---- Information given
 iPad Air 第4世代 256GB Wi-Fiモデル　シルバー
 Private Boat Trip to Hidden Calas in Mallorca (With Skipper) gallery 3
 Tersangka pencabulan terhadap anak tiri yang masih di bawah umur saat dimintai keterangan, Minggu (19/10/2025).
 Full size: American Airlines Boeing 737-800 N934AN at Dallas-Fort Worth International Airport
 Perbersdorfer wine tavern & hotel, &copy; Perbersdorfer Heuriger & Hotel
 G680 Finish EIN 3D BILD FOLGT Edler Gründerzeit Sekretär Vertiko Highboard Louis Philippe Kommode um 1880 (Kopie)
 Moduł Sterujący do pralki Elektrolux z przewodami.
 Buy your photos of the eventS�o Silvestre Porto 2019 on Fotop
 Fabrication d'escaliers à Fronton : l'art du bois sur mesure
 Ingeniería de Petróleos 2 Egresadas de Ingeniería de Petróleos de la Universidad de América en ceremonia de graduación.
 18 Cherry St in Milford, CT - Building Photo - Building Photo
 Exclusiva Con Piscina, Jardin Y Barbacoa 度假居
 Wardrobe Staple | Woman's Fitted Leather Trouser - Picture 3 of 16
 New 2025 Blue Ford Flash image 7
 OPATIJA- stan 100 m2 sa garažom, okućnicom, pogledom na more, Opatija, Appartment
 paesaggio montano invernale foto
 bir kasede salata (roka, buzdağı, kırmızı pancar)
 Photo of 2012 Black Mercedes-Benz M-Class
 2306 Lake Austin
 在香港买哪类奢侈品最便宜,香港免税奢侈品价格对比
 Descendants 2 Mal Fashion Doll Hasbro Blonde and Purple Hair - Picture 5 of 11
--------
▶ _The problem_:
Only the lines from the one with "Full size: American" to the end of the entries above belong in your answer. Retype them exactly.

▶ _Exercise output_:
 Full size: American Airlines Boeing 737-800 N934AN at Dallas-Fort Worth International Airport
 Perbersdorfer wine tavern & hotel, &copy; Perbersdorfer Heuriger & Hotel
 G680 Finish EIN 3D BILD FOLGT Edler Gründerzeit Sekretär Vertiko Highboard Louis Philippe Kommode um 1880 (Kopie)
 Moduł Sterujący do pralki Elektrolux z przewodami.
 Buy your photos of the eventS�o Silvestre Porto 2019 on Fotop
 Fabrication d'escaliers à Fronton : l'art du bois sur mesure
 Ingeniería de Petróleos 2 Egresadas de Ingeniería de Petróleos de la Universidad de América en ceremonia de graduación.
 18 Cherry St in Milford, CT - Building Photo - Building Photo
 Exclusiva Con Piscina, Jardin Y Barbacoa 度假居
 Wardrobe Staple | Woman's Fitted Leather Trouser - Picture 3 of 16
 New 2025 Blue Ford Flash image 7
 OPATIJA- stan 100 m2 sa garažom, okućnicom, pogledom na more, Opatija, Appartment
 paesaggio montano invernale foto
 bir kasede salata (roka, buzdağı, kırmızı pancar)
 Photo of 2012 Black Mercedes-Benz M-Class
 2306 Lake Austin
 在香港买哪类奢侈品最便宜,香港免税奢侈品价格对比
 Descendants 2 Mal Fashion Doll Hasbro Blonde and Purple Hair - Picture 5 of 11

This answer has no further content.